Политические идеи карлистов были достаточно примитивны. Несколько лет назад группа политиков обсуждала идею возвращения монарха. При этом присутствовал граф Родесно, высокий циничный аристократ, возглавлявший в кортесах партию традиционалистов. Один из политиков повернулся к нему и спросил, кто мог бы быть премьер-министром в случае возвращения короля. «Вы или один из этих джентльменов, это же чисто секретарские дела». – «Но чем бы вы стали заниматься?» – «Я? – воскликнул граф. – Я бы пребывал при короле, и мы говорили бы об охоте». Политика, построенная на разговорах об охоте, – такова была сущность карлистских взглядов на развитие общества.
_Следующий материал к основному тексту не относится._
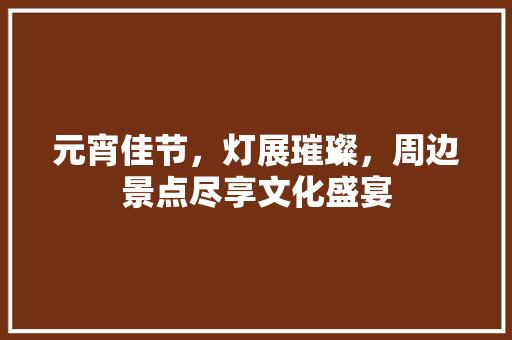 元宵佳节，灯展璀璨，周边景点尽享文化盛宴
Ортодоксальные монархисты – это, как правило, весьма богатые люди, крупные землевладельцы, финансисты. Среди карлистов же нередко можно было встретить полностью обедневших аристократов с безукоризненной генеалогией, которые тем не менее были не в состоянии расплачиваться с долгами.
Так что не было ничего странного в том, что глубокая, полумистическая религиозность карлистов заставляла их с откровенной враждебностью относиться к современному миру (особенно к либерализму и к Французской революции). Они были страстно преданы своему девизу: «За Бога, Отечество и короля». Но если анархисты верили, что создадут новый мир с помощью пистолета и энциклопедии, то карлисты испытывали такую же веру в пулемет и католический молитвенник.
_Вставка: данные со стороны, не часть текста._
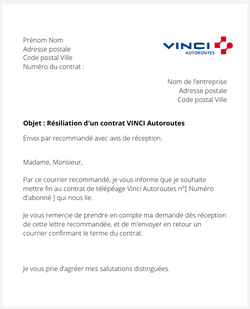 La lettre de résiliation d'un abonnement de Télépéage Vinci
Все эти заговоры постиг преждевременный конец в ходе неудавшейся попытки «пронунсиаменто» генерала Санхурхо в августе 1932 года. Генерал относился к числу самых известных вояк в Испании. Ветеран испано-американской войны, он командовал войсками до самого конца марокканской кампании. Именно он, «Рифский Лев», в 1927 году вернул Испании победу. Ранее Санхурхо принимал участие в «пронунсиаменто» Примо де Риверы в 1923 году. Он был смелым и крепко пьющим, пользовался репутацией ловеласа, и его выразительная физиономия представляла собой странное сочетание вялости и силы. В 1931 году он командовал гражданской гвардией и сообщил королю, что тот не может рассчитывать на его корпус в деле спасения монархии. В 1932 году, получив пост командующего карабинерами (пограничной стражей), генерал легко позволил себя убедить друзьям из числ а монархистов и соратников по армии, что его обязанность – поднять мятеж против республики. «Вы единственный, мой генерал, можете спасти Испанию», – говорили они ему11. Сам же Санхурхо, похоже, сомневался в исходе дела и не уделял большого внимания организации заговора. Тем не менее его откровенно потрясла трагедия в Кастельбланко. Он лично посетил деревню и слышал рассказы свидетелей, как деревенские женщины водили свои жуткие хороводы вокруг трупов солдат гражданской гвардии. В заговоре активно участвовали несколько лидеров карлистов и фанатичный молодой юрист из Андалузии Фаль Конде. Становой его хребет составляли офицеры-аристократы, включая многих из тех, кто с мая 1931 года участвовал в конспиративных встречах12. Но цели мятежа просматривались весьма слабо. Это был не столько призыв к восстановлению монархии, сколько попытка просто свергнуть «антиклерикальную диктатуру Асаньи». Тем не менее в своем манифесте Санхурхо использовал точно те же слова, которые два года назад взяли на вооружение приверженцы республики: «Из самых глубин народа идет страстное требование справедливости, и мы решили удовлетворить его… Когда существуют Закон и Справедливость, революция всегда будет преступлением или сумасшествием. Но когда господствует Тирания, революция неизбежна».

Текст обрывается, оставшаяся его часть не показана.